Detecting line intersection on a torus Suppose I am given two pairs of points on a 1.0 x 1.0 that has its edges identified so as to form a torus. Each pair of points is then joined so as to form the shortest (Euclidean) straight line between them.
What is an efficient algorithm to detect if these two lines intersect?
I have thought of an algorithm where multiple line segments represent those lines that cross the boundaries of the plane and then check as required.
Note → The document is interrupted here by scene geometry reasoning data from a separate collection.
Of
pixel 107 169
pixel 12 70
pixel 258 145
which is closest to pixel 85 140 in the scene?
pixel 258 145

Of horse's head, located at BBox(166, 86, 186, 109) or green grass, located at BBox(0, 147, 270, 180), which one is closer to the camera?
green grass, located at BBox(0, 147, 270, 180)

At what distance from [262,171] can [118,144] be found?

Is this the best approach?
 A: Note that the shortest segment connecting two given points on $T:={\mathbb R}^2/{\mathbb Z}^2$ need not be well defined, e.g., when the two points are represented by $(0,0)$ and $({1\over2},{1\over4})$. In the sequel I shall assume that the data are such that ambiguities, boundary cases and degeneracies do not occur.
We shall do our computations on the universal cover ${\mathbb R}^2$ of $T$. Each point $z=(x,y)\in{\mathbb R}^2$ projects to a well defined point $\hat z\in T$. Two points $z$, $z'\in{\mathbb R}^2$ project to the same point in $T$ iff  $z-z'\in{\mathbb Z}^2$. In this case we write $z\sim z'$.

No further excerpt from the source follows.